Reflect on Why Trees Are Important This Arbor Day


Put on good boots and grab a shovel, because Arbor Day is coming up on April 27 this year in the United States and on other seasonally appropriate days around the world. Trees are important multipurpose natural resources and have provided fuel, food and shelter through the ages. The Guardian describes how England was almost deforested by the British navy in efforts to build battleships and defeat the Spanish Armada. Some cultures believe trees have mystical properties: According to Druidry, Celtic nations consider rowan trees to be sacred, offering protection from witches and dark magic. Clearly there’s more to trees than meets the eye.

Why Trees Are Important

Trees are great indicators of climate change, and they are also great assets for dealing with its effects, according to Canopy. Their benefits include:

Photosynthesis, Carbon Capture and Oxygen

As plants, trees convert sunlight into energy by photosynthesis. This process captures carbon dioxide, creates oxygen and captures carbon as wood, according to the United Kingdom Forestry Commission. This respiratory process also filters particulate and volatile airborne pollution, Nature Blogs noted. Coastal blue carbon, comprising trees like mangroves in addition to salt water marsh ecosystems, traps a significant amount of atmospheric carbon, according to the National Ocean and Atmospheric Administration.

Trees are the New AC

Leafy canopies cool, and temperatures under shady canopies can be 7–15ºC (44–59ºF) lower than in unshaded areas, as described in The Conversation. Architects and town planners could leverage this benefit to maximize building cooling by planting more trees in urban areas.
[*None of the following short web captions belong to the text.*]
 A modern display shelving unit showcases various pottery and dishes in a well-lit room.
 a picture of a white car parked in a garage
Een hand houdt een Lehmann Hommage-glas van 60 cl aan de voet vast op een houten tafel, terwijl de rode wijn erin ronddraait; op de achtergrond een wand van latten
Ground Control and Habitat

Tree roots spread widely outwards from the trunk and, in doing so, can stabilize the surrounding soil. Planting mangroves along vulnerable coastlines does more than soak up carbon — it can mitigate effects from storm surges as weather patterns become more violent, notes the Environmental Protection Agency. On slopes, planting suitable trees can prevent erosion from rain and floods.

The Advent of Arbor Day

According to Smithsonian Gardens, the first tree celebration started in 1594 in Mondoñedo, Spain. Citizens realized the importance of trees and decided to plant more for the future.
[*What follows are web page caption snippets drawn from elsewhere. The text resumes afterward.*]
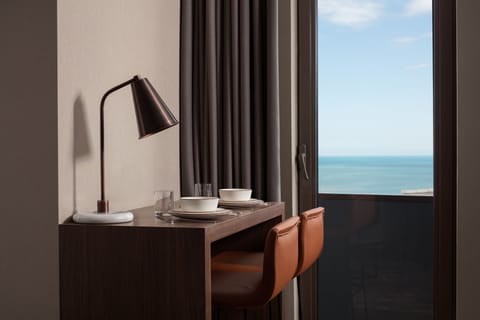 Premium bedding, down comforters, minibar, in-room safe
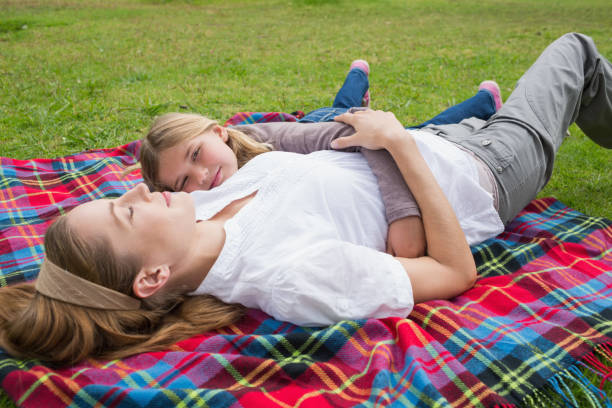 istock Relaxed mother and daughter lying at park 843921648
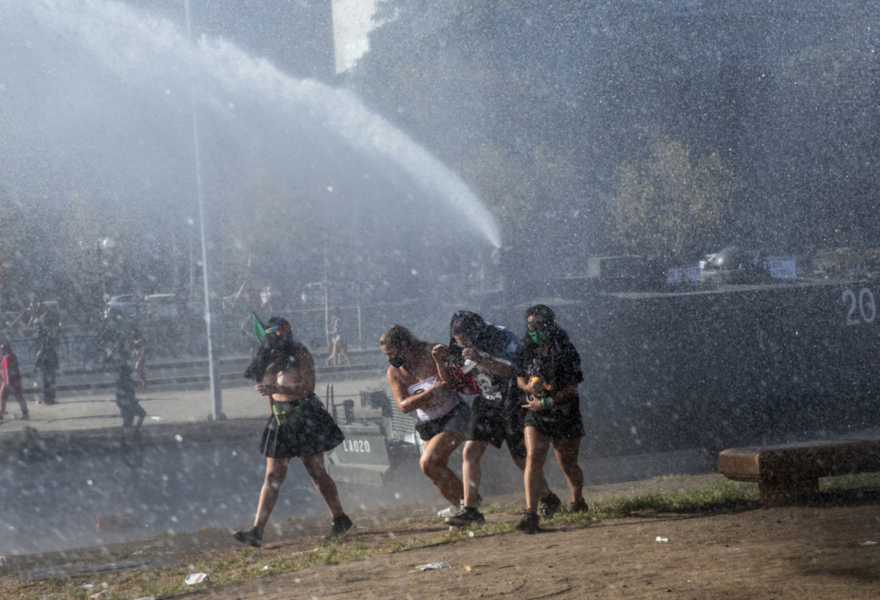 Demonstranter springer från polisens vattenkanon i Chiles huvudstad Santiago på den internationella kvinnodagen den 8 mars.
The first modern Arbor Day in the U.S. arrived in 1872, when residents of Nebraska City set about repopulating the plains with trees. Connecticut tree fan Birdsey Northrop was such an enthusiast that he spread the word, convincing Japan, Canada and Europe to celebrate trees’ importance, too.

Arbor Day’s Changing Message

Trees obviously enhance the appearance of a neighborhood, but while everyone loves green outdoor space, there’s a lot more to trees than just landscaping. The yearly Arbor Day celebration now has a more serious message for why trees are important, and it has to do with climate change.
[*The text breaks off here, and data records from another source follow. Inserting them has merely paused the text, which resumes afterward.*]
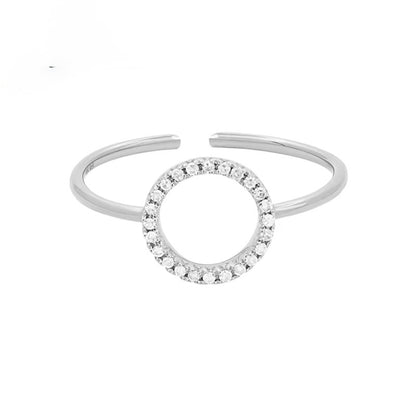 A silver-toned open cuff ring featuring a central circular motif paved with small clear stones, shown on a plain white background.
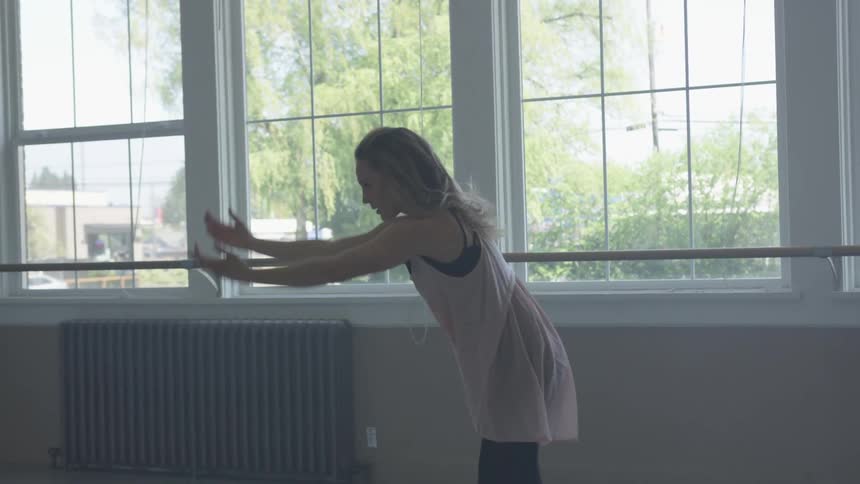 A woman is dancing in a building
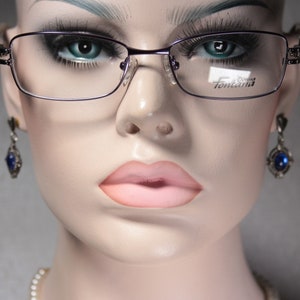 May include: A close-up of a woman's face wearing a pair of silver-rimmed glasses with purple lenses. The glasses have the word "Fontana" printed on the right lens. The woman is wearing blue gemstone earrings.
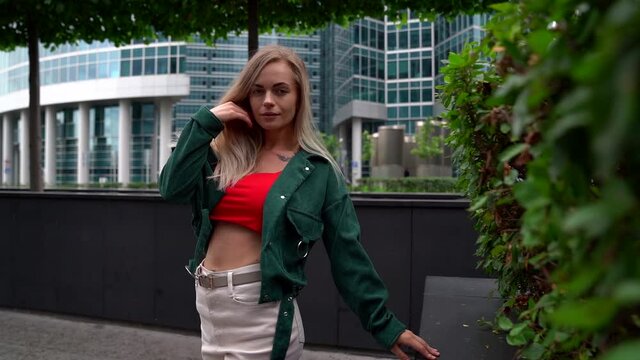 young blonde woman is posing and flirting with camera in city at summertime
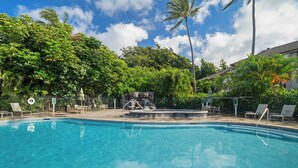 A clear blue pool surrounded by lush greenery and palm trees, with lounge chairs and a small waterfall feature. - Aston Poipu Kai Kauai 114 | Garden View Retreat – Pool & Hot Tub (Koloa)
National parks are experiencing tree loss due to climate change, increased drought, wildfires and infestations, none of which is inevitable, according to The Conversation. Arbor Day is a chance to bring the focus back to our trees and the environment.

Trees are an effective way of dealing with climate change, mitigating its effects and, as noted above, helping reverse them through carbon capture. Greater numbers of mature trees can make a bigger difference — which is why Arbor Day is becoming more important each year.

What are you doing on April 27? Go on — get out there and plant a tree.